To fix US schools, panel says, start over
A high-powered group Thursday recommended college for some 16-year-olds and preschool for all.
What if the solution to American students' stagnant performance levels and the wide achievement gap between white and minority students wasn't more money, smaller schools, or any of the reforms proposed in recent years, but rather a new education system altogether?
That's the conclusion of a bipartisan group of scholars and business leaders, school chancellors and education commissioners, and former cabinet secretaries and governors. They declare that America's public education system, designed to meet the needs of 100 years ago when the workplace revolved around an assembly line, is unsuited to today's global marketplace. Already, they warn, many Americans are in danger of falling behind and seeing their standard of living plummet.
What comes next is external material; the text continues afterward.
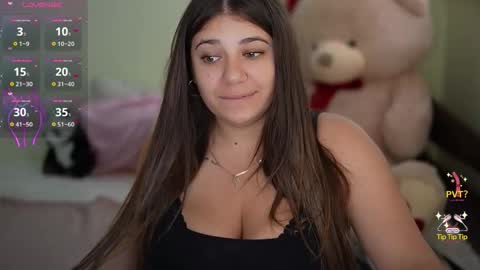 Snapshot of julietdream chatting on October 13, 12:51 pm J U L I E T online show from October 13, 12:51 pm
In its place, the group proposes a series of controversial reforms:
•Offer universal pre-kindergarten programs and opportunities for continuing education for adults without high school diplomas.
•Create state board exams that students could pass at age 16 to move either on to community college or to a university-level high school curriculum.
•Improve school salaries in exchange for reducing secure pension benefits, and pay teachers more to work with at-risk kids, for longer hours, or for high performance.
•Create curriculums that emphasize creativity and abstract concepts over rote learning or mastery of facts.
"We've squeezed everything we can out of a system that was designed a century ago," says Marc Tucker, president of the National Center on Education and the Economy, and vice chairman of the New Commission on the Skills of the American Workforce, which produced the report. "We've not only put in lots more money and not gotten significantly better results, we've also tried every program we can think of and not gotten significantly better results at scale. This is the sign of a system that has reached its limits."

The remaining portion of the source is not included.